1903  This is a beetle found in Costa Rica in July, in the mountains near Guapiles. It is about 3 cm long, and as you can see, it has glow-in-the-dark eyes (eyespots?). It will ‘click’ when disturbed, springing into the air... a ‘click beetle’ of some kind? Certainly not a pest, but who is he?   Lauri  - Houston, TX
This click beetle (Coleoptera: Elateridae) appears to be a species known as a ‘fire beetle’(Pyrophorus noctilucus) because of the bright luminescent spots on its pronotum. See for more detailed information. Ed Saugstad, retired entomologist; Sinks Grove, WV.
1902  I live in Astoria, NY. I found this bug in my kitchen today (July 14, 2008)
In fact, I started to see this kind of a bug very frequently since April,2008.
Also, I guess I got bitten by them several times. However, I'm not sure what kind of a bug it is.
Please let me know. Thanks a lot.  Ray
This insect most likely would not be responsible for any bites, as it appears to be a bean weevil (aka seed weevil); Coleoptera: Chrysomelidae, subfamily Bruchinae. They are not true weevils, but are grouped under leaf beetles; they can become pantry/granary pests, feeding on a wide variety of whole grains and seeds. See for a fact sheet that includes control measures. Ed Saugstad, retired entomologist; Sinks Grove, WV.

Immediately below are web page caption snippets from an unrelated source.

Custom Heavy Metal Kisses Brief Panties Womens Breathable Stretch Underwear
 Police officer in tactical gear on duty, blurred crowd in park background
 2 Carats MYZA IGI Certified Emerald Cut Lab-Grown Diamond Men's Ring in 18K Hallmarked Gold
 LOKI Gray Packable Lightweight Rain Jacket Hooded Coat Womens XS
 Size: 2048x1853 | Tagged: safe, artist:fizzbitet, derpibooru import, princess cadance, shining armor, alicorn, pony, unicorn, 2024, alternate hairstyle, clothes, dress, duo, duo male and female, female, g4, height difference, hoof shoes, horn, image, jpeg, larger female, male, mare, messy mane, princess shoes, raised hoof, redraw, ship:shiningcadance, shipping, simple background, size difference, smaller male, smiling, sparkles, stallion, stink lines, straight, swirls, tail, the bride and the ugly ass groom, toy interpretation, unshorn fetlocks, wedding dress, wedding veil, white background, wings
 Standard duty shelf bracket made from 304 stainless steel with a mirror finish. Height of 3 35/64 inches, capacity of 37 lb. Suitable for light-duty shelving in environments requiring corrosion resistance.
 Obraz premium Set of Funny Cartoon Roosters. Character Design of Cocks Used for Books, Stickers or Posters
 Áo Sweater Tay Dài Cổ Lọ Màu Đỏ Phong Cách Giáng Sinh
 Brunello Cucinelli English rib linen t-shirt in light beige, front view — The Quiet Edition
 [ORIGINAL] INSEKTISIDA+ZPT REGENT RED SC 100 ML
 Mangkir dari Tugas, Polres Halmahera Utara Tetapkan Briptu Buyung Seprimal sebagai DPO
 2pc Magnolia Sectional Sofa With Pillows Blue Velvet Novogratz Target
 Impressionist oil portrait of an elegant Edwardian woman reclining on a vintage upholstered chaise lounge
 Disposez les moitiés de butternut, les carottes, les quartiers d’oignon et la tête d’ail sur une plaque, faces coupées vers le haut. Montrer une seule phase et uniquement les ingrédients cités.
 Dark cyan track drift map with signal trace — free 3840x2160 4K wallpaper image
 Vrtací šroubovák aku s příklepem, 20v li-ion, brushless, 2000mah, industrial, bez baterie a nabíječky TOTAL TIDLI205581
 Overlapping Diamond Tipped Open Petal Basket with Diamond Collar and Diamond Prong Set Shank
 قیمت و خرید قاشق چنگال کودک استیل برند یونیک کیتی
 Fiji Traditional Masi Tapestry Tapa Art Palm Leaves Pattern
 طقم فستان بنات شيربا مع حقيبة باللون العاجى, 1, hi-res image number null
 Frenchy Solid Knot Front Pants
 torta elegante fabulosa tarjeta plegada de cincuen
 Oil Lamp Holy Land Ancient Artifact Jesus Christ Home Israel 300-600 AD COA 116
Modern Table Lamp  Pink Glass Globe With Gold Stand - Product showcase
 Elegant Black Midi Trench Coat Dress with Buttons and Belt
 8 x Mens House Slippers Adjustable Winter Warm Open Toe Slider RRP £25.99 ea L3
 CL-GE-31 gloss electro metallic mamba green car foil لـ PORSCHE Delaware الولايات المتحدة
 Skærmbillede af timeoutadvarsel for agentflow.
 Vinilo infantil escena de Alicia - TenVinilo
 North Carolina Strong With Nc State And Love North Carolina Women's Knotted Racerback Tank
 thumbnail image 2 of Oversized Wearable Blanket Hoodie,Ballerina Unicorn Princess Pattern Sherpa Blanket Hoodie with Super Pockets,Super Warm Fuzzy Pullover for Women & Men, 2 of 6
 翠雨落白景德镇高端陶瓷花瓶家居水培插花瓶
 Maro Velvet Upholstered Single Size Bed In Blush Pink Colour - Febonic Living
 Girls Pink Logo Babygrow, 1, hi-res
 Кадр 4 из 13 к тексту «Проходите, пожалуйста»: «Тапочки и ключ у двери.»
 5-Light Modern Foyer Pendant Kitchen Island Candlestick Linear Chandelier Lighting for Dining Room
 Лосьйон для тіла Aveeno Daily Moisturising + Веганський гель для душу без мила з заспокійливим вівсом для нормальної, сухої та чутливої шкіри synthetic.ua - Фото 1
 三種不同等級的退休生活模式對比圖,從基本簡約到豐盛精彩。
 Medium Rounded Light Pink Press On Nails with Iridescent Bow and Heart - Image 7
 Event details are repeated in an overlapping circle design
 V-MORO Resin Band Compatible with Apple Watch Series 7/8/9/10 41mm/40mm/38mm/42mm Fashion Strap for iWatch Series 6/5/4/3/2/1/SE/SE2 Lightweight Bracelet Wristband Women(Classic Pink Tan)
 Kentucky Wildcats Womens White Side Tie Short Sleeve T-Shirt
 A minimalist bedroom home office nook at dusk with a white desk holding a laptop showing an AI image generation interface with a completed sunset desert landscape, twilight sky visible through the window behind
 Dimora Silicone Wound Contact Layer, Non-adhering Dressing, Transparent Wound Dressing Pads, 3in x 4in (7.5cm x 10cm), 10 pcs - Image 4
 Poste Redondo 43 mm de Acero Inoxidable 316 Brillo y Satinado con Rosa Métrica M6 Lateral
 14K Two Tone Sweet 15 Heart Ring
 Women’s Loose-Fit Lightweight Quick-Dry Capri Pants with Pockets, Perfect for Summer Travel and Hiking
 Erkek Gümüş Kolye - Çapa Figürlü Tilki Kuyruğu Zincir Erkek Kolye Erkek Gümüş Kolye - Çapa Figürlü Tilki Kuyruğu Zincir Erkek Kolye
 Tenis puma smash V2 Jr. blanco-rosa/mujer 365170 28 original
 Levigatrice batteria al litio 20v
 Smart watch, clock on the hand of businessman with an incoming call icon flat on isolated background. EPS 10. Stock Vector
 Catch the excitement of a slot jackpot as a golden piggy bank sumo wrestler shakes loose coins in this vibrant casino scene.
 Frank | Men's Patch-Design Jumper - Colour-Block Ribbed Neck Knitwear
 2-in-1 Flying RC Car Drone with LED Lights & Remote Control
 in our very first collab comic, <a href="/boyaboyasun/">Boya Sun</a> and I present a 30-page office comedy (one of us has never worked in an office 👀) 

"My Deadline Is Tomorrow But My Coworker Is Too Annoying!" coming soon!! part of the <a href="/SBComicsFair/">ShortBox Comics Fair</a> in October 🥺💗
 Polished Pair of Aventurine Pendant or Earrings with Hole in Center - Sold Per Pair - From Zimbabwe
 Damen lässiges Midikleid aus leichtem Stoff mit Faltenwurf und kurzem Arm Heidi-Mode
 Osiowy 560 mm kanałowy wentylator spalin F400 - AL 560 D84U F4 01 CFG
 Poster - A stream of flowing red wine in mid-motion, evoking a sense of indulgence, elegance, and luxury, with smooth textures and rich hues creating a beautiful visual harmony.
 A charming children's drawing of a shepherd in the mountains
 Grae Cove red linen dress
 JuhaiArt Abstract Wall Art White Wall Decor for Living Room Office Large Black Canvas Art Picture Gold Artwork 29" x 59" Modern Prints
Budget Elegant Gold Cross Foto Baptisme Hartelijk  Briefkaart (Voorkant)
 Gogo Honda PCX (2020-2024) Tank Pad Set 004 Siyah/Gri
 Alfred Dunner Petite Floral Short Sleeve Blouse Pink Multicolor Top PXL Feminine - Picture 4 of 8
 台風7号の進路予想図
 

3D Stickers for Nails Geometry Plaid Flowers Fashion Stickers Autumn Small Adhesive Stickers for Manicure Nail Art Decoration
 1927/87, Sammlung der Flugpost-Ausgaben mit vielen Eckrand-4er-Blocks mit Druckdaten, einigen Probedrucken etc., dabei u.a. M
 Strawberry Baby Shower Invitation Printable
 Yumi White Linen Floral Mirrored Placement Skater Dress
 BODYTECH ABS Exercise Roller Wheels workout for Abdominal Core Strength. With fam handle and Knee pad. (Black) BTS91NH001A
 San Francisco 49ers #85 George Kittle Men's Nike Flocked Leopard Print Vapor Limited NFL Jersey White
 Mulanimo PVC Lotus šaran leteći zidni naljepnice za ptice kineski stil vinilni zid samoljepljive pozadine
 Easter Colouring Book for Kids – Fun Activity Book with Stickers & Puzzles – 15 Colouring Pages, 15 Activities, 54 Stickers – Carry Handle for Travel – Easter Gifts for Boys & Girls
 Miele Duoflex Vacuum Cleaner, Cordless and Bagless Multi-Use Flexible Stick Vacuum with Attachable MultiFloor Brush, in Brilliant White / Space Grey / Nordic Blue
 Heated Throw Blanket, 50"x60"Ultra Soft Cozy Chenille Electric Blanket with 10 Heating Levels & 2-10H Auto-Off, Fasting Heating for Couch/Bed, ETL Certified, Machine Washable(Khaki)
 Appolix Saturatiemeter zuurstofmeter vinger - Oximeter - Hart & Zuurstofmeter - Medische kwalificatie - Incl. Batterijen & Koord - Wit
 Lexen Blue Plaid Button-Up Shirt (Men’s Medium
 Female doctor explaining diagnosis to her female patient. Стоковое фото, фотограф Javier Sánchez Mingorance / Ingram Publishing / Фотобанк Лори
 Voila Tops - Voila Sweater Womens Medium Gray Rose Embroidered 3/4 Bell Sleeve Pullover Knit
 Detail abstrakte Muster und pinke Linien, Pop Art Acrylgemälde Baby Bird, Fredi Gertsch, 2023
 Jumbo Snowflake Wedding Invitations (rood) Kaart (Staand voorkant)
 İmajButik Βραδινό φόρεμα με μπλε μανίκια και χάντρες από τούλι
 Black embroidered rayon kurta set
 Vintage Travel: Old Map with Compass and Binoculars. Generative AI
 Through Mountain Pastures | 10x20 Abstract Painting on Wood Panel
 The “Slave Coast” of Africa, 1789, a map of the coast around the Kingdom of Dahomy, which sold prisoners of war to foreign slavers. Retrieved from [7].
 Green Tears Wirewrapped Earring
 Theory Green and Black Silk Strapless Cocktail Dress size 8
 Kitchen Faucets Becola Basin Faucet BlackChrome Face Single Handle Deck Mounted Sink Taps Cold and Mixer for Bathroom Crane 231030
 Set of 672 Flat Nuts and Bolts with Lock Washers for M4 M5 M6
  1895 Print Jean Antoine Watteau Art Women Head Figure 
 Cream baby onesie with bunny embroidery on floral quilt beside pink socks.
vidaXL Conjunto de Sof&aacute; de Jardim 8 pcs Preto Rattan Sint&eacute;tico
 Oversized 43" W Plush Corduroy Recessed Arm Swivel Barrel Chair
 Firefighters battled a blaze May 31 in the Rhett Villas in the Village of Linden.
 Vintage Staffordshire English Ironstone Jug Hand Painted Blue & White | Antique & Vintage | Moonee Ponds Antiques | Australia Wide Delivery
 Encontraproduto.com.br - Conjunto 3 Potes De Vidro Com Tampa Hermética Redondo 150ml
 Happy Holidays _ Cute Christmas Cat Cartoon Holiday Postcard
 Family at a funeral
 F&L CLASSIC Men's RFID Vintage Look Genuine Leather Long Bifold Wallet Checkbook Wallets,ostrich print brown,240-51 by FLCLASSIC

1901  Hello,  My girlfriend spotted this delightful little guy wondering around our deck in mid June. We live in Airdrie Alberta about ten minutes north of Calgary.  We have only seen the one and would really appreciate some information as to what exactly it is.  Clay
This is a long-horned wood-boring beetle (Coleoptera: Cerambycidae), possibly one of the so-called ‘sawyers’ in the genus Monochamus - see  for an example.  Ed Saugstad, retired entomologist; Sinks Grove, WV.